Master the Lindeberg-Feller CLT for non-identically distributed variables
Apply the Lyapunov condition as a practical sufficient criterion
Extend CLT to multivariate settings essential for neural network analysis
Explore the Martingale CLT for dependent sequences (SGD, reinforcement learning)
Understand Donsker's Theorem and connections to stochastic processes
Quantify convergence rates using the Berry-Esseen theorem
Apply these concepts to deep learning: mini-batch gradients, attention mechanisms, ensemble methods

The Central Limit Theorem (CLT) is perhaps the most important theorem in statistics and probability. But the version taught in introductory courses—the Lindeberg-Lévy CLT—requires strong assumptions: the random variables must be independent and identically distributed (i.i.d.) with finite variance. In the real world, especially in machine learning, these assumptions often fail.
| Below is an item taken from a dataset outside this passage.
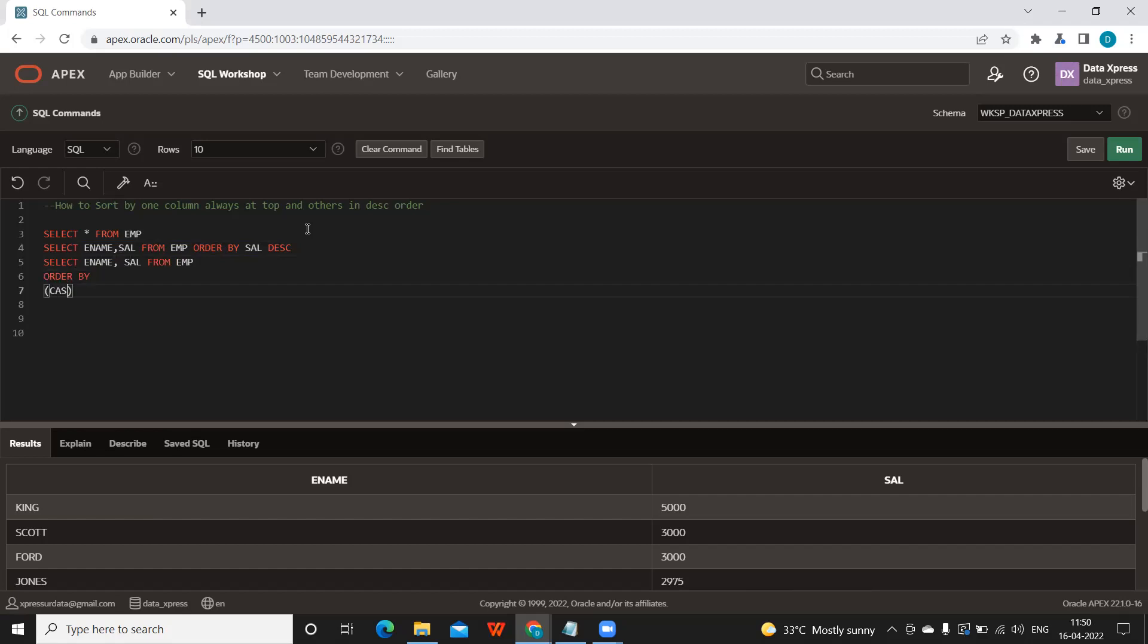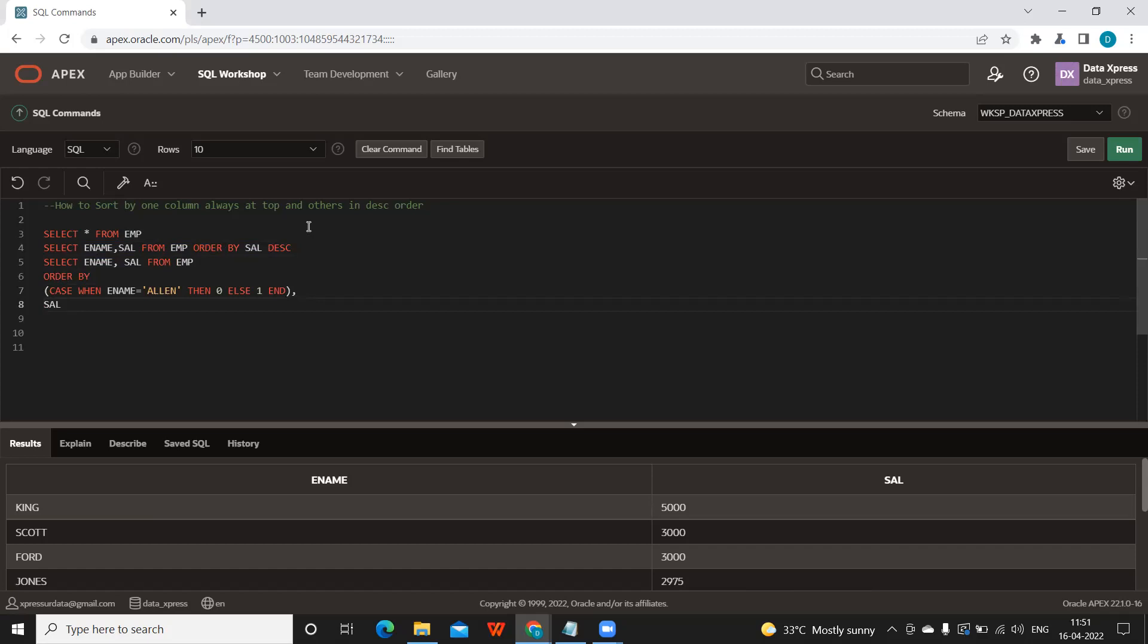I'm going to write a simple CASE statement: CASE WHEN ename = 'Allen' THEN 0 ELSE 1 END, and then specify comma, then salary, because we want to sort by salary descending. So if I run this now,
This section explores the rich family of CLT variants that relax these assumptions while preserving the remarkable convergence to normality. Understanding these variants is essential for any ML practitioner who wants to rigorously analyze the behavior of their models, from the statistics of mini-batch gradients to the limiting distributions of ensemble predictions.

The Big Picture: Beyond the Classical CLT

Historical Context

The story of the CLT spans centuries and represents one of humanity's greatest intellectual achievements in understanding uncertainty.

Year	Mathematician	Contribution
1733	Abraham de Moivre	First version: binomial → normal as n → ∞
1812	Pierre-Simon Laplace	Extended to sums of arbitrary bounded variables
1901	Aleksandr Lyapunov	First rigorous proof using characteristic functions
1920	Jarl Lindeberg	Necessary and sufficient condition (Lindeberg condition)
1935	William Feller	Completed Lindeberg-Feller theorem
1951	Monroe Donsker	Functional CLT (convergence to Brownian motion)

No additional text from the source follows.